However, I don't want to delete their details from the UserLog as I am interested in collating data on how long people spend on the software and the fact that they no longer work at the company does not mean their user behaviour is no longer relevant.
What I am left with is a table UserLog that has no relationships with any other tables in my database. Is this a sensible idea?
Having looked through books etc / googled online I haven't come across any DB schemas with tables that have no relationships with others and so my gut instinct here is saying that my approach is not robust...
I'd appreciate some guidance please.

My personal preference in this case would be to "soft delete" an employee by adding a "DeletedDate" column to the Employees table. This will allow you to maintain referential integrity with your UserLog table and all details for all employees, past and present, remain available in the database.
The downside to this approach is that you need to add application logic to check for active employees.

Yes, this is perfectly sensible. The log is just a raw audit of data that should never change. It doesn't need to be normalized (and shouldn't be) and/or linked to other tables.
Ideally, I would put write-heavy audit logging in a different database entirely than the read-heavy transactional day-to-day stuff. They may grow differently over time. But starting small it's fine to keep them in the same database as long as you understand the fundamental differences between them.
On a side note, I would recommend not deleting the users from the tables. Maybe have some kind of IsActive or IsDeleted bit on them that would effectively blind them from the application, but deleting should be avoided if possible.

The problem you have here is that it's perfectly possible to insert UserLog data for users that have never existed as there's no link to the table that defines valid users.
I would say that perhaps the better course of action would be to mark the users as invalid and remove all their personal details when they leave rather than delete the record entirely.
That's not to say there aren't situations where it is valid to have a table (or tables) on the database that don't reference others.

Is this a sensible idea
The problem is this. Since the data isn't linked you can delete something from the employee table and still have references in the UserLog. After the employee infomration is deleted, you have no way of knowing what Log data ties back to. Is this ok? Technically yes. There is nothing preventing you from doing it, but then why are you keeping the data in the first place? You also have no guarantee that the data in the table actually is about an employee. Someone could accidently enter a wrong EmployeeID in the table that doesn't belong to anyone. Keys help prevent data corruption. It's always better to have extra data than it is to have bad data.
What I've found is that you never want to delete data when possible.

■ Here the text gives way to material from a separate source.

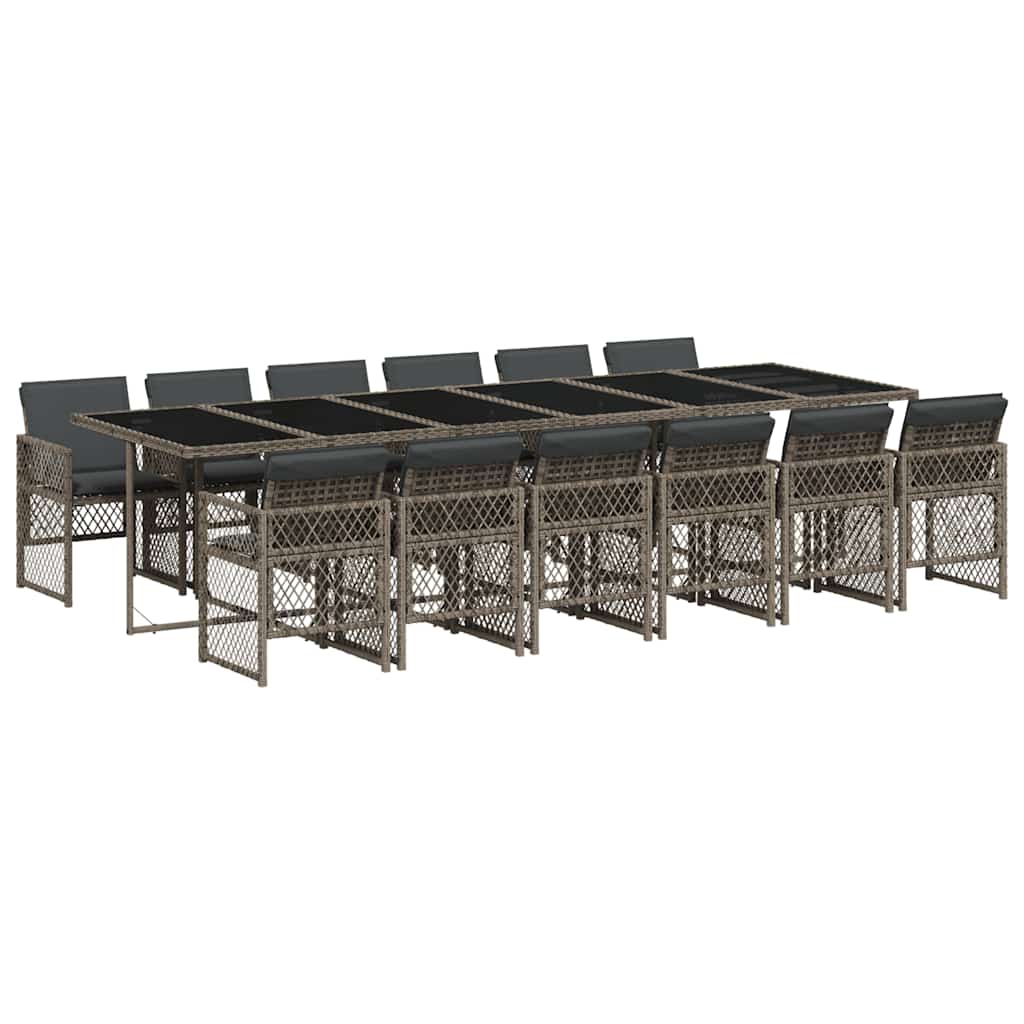 vidaXL 13 Piece Garden Dining Set with Cushions Grey Poly Rattan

Space is cheap, and you can add flags etc. to show the record isn't active. Yes, this does cause more work (this can be quickly remedied by creating a view which only shows active employees), and saying that you should never delete data is far fetched, but you start linking data together. Deleting becomes very difficult. If you are not adding a FK just so you can delete records, it's a tell tale sign you need to rethink your strategy.
Relying on Cascade Delete can be very dangerous too. The model you are stating is that anytime you don't want data deleted you have to know not to add a FK to that table which links it back to users. It doesn't take long for someone to forget this.

What you can do is use logical deletion or disabling a user by adding a bool value Deleted or Disabled to the Users table.
Or replace the EmployeeId with the name of the employee in the UserLog.

An alternative to using the soft delete process, is to store all the historical details you would want about the user at the time the log record is created rather than store the employee id. So you might have username, logintime, logouttime, sessionlength in your table.

Sensible? Sure, as in it makes sense as you've described your need to keep those users indefinitely. The problem you'll run into is maintaining the tables. Instead of doing a cascading update once, you'll have to use at least two updates in order to insert a new user.

I think a table as you are suggesting is perfectly fine. I frequently encounter log tables that are do not have explicit relationships with other tables. Just because a database is "relational" doesn't mean everything has to relate haha.
One thing that I do notice though is that you are using EmployeeID in the log, but not using it as a foreign key to your Employee table. I understand why you don't want that, since you will be dropping employees. But, if you are dropping them completely, then the EmployeeID column is meaningless.
A solution to this would be to keep a flag for employees, such as active, that tracks if they are active or not. That way, the log data is meaningful.

IANADBA but it's generally considered very bad practice indeed to delete almost anything from a DB ever,It would be far better here to have some kind of locked flag / "deleted" datestamp on your users table and preserve your FK.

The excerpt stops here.